Healthy Rhythms of Rest
Healthy Rhythms of Rest
When I was in seminary, I took an entire class on conflict resolution in churches. Unfortunately, I don't recall very much from that class other than writing the final paper and one very significant exchange I had with the professor. Like a lot of classes at my seminary, the professor was also a local full-time pastor. He was nearing retirement age and had amassed decades of invaluable ministry experience. But during one of our break-time conversations, he told me he didn't observe a weekly day of rest. This shocked me. I remember having just read the book Sabbath in the City: Sustaining Urban Pastoral Excellence by Bryan Stone and Claire Wolfteich for another class and thought it was essential that pastors rest weekly. I lent the book to my professor and urged him to consider taking up the practice. Later in the semester, when he returned the book, he thanked me.

Healthy rhythms of rest for pastors is something that I've thought a lot about, not only for myself, but also for many friends of mine whose ministries have burned like a Roman candle for a few spectacular years only for them to collapse in exhaustion. And I've also recently completed a teaching series at my church, Roots Covenant, on healthy rhythms of rest called, "Time to Be Human." Something I didn't get to share in that series has been on my mind lately.
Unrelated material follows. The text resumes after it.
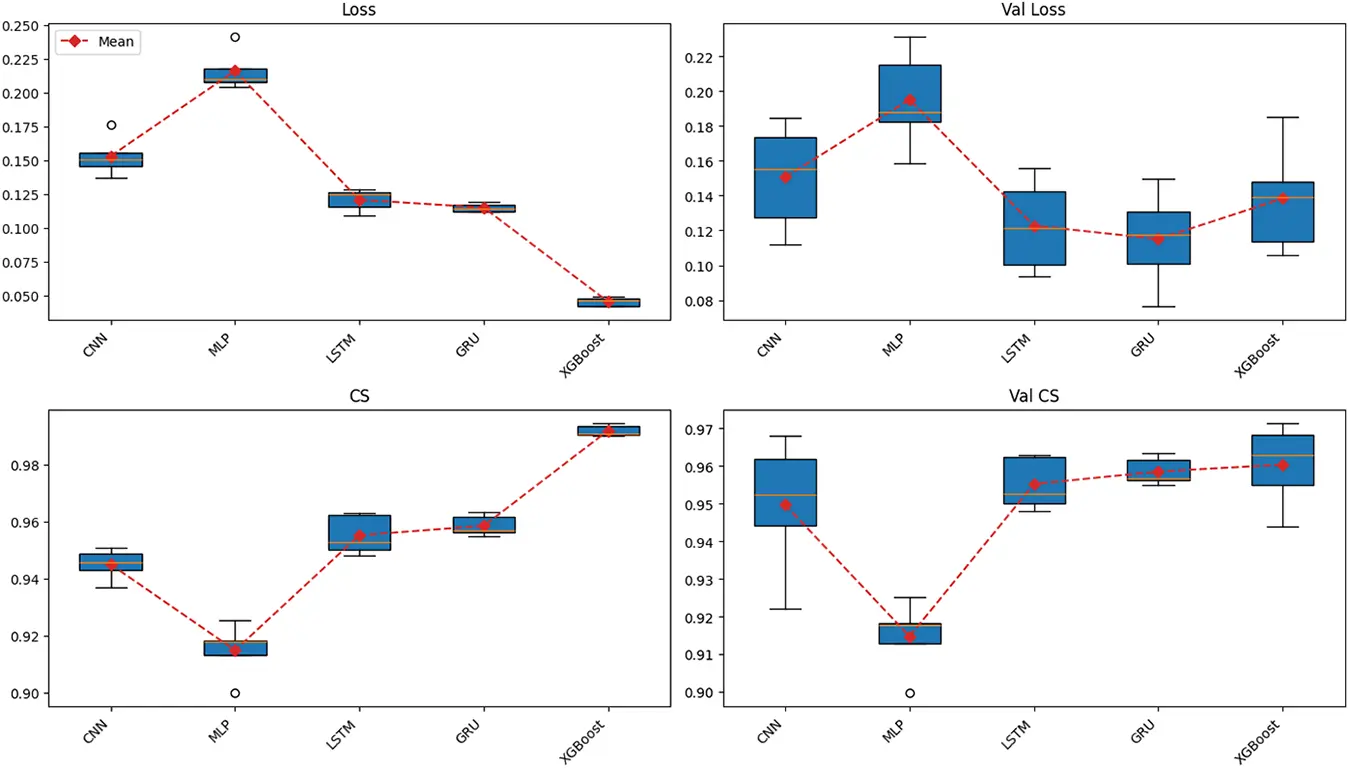 CMES | Free Full-Text | Real-Time Mouth State Detection Based on a ...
A Tragically Beautiful Metaphor

In 2010, Independent Lens released a documentary series on PBS entitled The Calling that followed the lives of women and men called to become professional faith leaders in their respective faith traditions, ranging from Evangelical Christian ministers to Roman Catholic priests, Muslim imams to Jewish rabbis. There's a set of scenes in that documentary series that absolutely haunts me when I think about healthy rhythms of rest for clergy. In the first scene, the film makers follow Muslim imam, Bilal Ansari, to the space where his grandfather's church once stood. There he reminisces with a cousin, who happened to be driving by, about when they were kids and they led worship gatherings for youth at that church.

Later in the documentary series, Bilal is taking a class in seminary and the subject of healthy boundaries around ministry comes up. The professors shares that many clergy are encouraged to think of themselves as "on call" 24/7. This prompts Bilal to share about his grandfather and grandmother, and the fate of their church.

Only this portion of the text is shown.